The Wachiay Friendship Centre in partnership with School District 71 is able to continue a youth suicide prevention program likely for the next couple of school terms thanks to a nod of approval from the regional district.

The board has allocated $20,000 of a $300,000 Vancouver Island Health Authority grant towards the program, which ran at a difficult time last year in the wake of youth suicides that occurred locally.

"It was just coincidence that we had been able to reinstate the program in the schools," said Wachiay program director Roger Kishi, noting the Crossroads Crisis Centre had previously operated the suicide prevention program.

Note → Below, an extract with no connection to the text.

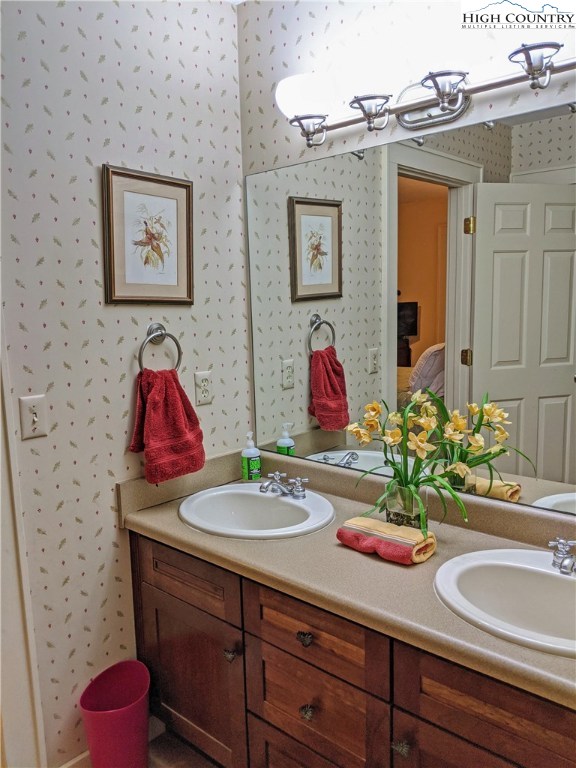 110 Shagbark Road Beech Mountain, NC 28604 - Photo 15 of 31 Gallery Image 15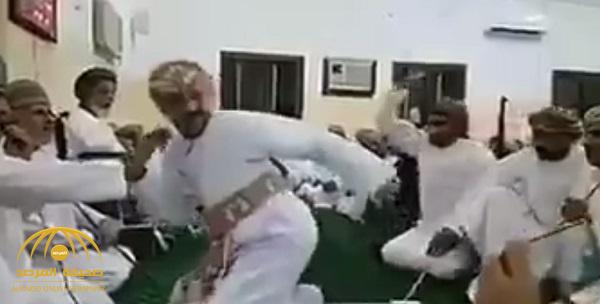 “شاهد بالفيديو” أهل عروس عمانية ينهالون ضربا على عريس بالعصي فور انتهاء عقد القران!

The $20,000 and other funding secured through the United Way will support the delivery of the program in Valley high schools.

"Our program is a suicide prevention program; it's not a response protocol to suicide," Kishi said.

Workshops aim to empower youth and adults to intervene and ensure suicidal people receive help. The goals are to break the silence and to put forth the message that suicide is preventable. Participants learn how to recognize warning signs and how to help someone at risk.

"The big message is if you think someone is showing signs of potentially suicidal intentions, you should ask them, 'Are you thinking about hurting yourself?' " Kishi said. "We've got anecdotal feedback from people who took the workshop — and interventions were able to be made. To us that's a success, even if it was only in one instance."

During the past school term the program reached 1,965 students, 335 of whom were considered ‘at risk.’ This status was ascertained by evaluation forms filled out at the end of each presentation.